All of this is obscured by the fact that Ayn Rand didn’t believe that altruism was a real thing. When she seems to be arguing in favor of self-interest, what she’s really arguing in favor of is every limiting themselves to that self-interest which respects the individual, as opposed to self-interest which seeks to deprive others of what is theirs to enrich oneself at their expense. But since she didn’t believe that altruism is a real thing, it never occurred to her to explain that it wasn’t real, or that this non-thing was not what she was arguing against. It would be like explaining that Santa Claus doesn’t exist in a conversation about whether it’s best to sign name tags on presents as being from Santa Claus.

I suspect that Rand did have to admit the logical possibility of altruism, but she dismissed true altruism as being destructive. And in an atheistic context, she’s right.

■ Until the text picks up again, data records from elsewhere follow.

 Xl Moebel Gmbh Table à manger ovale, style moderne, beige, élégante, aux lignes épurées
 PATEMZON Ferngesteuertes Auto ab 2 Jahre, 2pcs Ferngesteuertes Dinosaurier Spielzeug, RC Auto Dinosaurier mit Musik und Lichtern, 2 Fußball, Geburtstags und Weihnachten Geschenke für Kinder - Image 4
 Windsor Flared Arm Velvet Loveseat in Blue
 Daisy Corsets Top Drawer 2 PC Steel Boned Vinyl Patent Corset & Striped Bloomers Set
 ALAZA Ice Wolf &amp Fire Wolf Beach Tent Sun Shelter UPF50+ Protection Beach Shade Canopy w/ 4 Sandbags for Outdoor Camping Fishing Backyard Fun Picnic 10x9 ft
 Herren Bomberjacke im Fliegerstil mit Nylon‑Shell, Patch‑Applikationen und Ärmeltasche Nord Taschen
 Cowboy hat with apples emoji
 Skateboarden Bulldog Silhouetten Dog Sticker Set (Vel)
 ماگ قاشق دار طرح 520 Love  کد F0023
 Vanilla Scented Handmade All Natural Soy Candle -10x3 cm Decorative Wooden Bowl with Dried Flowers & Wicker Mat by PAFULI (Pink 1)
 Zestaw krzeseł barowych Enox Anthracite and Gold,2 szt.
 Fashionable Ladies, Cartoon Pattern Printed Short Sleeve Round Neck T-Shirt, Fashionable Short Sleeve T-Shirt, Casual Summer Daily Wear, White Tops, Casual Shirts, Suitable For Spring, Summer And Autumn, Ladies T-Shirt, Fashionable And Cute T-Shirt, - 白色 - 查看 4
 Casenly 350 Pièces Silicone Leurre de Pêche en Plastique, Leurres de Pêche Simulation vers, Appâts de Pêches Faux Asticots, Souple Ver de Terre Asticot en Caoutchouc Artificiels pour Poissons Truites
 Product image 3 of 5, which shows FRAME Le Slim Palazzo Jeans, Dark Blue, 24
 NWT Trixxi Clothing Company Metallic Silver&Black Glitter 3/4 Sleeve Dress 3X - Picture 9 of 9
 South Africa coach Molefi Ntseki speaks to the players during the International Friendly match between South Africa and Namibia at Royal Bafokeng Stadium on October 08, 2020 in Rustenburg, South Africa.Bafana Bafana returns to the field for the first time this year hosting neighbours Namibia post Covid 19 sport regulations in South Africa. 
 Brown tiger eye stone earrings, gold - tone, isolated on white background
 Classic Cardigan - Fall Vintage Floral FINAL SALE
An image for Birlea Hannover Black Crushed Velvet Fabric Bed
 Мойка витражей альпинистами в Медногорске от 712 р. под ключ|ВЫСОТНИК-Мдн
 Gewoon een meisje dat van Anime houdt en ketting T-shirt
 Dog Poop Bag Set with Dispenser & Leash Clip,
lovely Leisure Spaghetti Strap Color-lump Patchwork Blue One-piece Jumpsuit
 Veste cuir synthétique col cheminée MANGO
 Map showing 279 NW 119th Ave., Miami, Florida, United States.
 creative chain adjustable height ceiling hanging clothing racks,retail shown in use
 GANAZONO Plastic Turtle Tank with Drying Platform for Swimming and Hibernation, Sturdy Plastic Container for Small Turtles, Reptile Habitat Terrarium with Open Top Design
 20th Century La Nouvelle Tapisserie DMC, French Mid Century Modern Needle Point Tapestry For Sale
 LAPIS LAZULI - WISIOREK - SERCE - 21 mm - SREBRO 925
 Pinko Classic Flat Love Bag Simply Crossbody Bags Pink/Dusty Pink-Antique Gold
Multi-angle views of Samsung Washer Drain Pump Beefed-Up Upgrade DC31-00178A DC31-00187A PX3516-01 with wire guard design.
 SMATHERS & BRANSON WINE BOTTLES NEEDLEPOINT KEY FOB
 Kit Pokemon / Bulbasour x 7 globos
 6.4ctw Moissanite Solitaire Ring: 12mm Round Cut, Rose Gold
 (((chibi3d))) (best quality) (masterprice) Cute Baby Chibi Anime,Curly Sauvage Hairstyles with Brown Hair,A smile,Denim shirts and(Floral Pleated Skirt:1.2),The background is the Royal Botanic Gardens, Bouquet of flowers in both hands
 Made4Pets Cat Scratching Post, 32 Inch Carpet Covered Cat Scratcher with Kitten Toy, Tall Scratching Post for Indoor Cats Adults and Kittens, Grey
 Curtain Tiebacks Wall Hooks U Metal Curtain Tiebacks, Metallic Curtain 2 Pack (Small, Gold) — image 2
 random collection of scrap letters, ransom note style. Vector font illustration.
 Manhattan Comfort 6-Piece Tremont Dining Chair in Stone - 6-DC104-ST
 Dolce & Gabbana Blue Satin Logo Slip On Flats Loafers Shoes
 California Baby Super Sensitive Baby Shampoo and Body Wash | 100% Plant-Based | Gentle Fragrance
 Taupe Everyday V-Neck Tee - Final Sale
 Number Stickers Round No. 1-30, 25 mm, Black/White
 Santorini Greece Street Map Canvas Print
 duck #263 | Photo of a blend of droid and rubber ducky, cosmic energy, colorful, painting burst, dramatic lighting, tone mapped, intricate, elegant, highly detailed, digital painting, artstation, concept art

We have what we have, and since creation is impossible, life is a zero-sum game. If we give of ourselves to another, we must have at least equally less (there can be transmission losses). The world is no better off for this, and in fact may well lose an individual if this goes on to the point of destruction. If human beings are valuable, this represents a real loss to the world.

Ultimately, altruism only works because of the nature of God. God, being self-existent, creates the world out of pure generosity. He makes it so that he can fill it up with life; he makes it so that he can give to it. Human altruism is a participation in the divine altruism. We are given the gift of being God’s giving to each other; he fills us up that we may overflow into each other. Because of this, we are not diminished by giving, but actually increased by giving. In the end, it is only possible to love another man because God loved him first.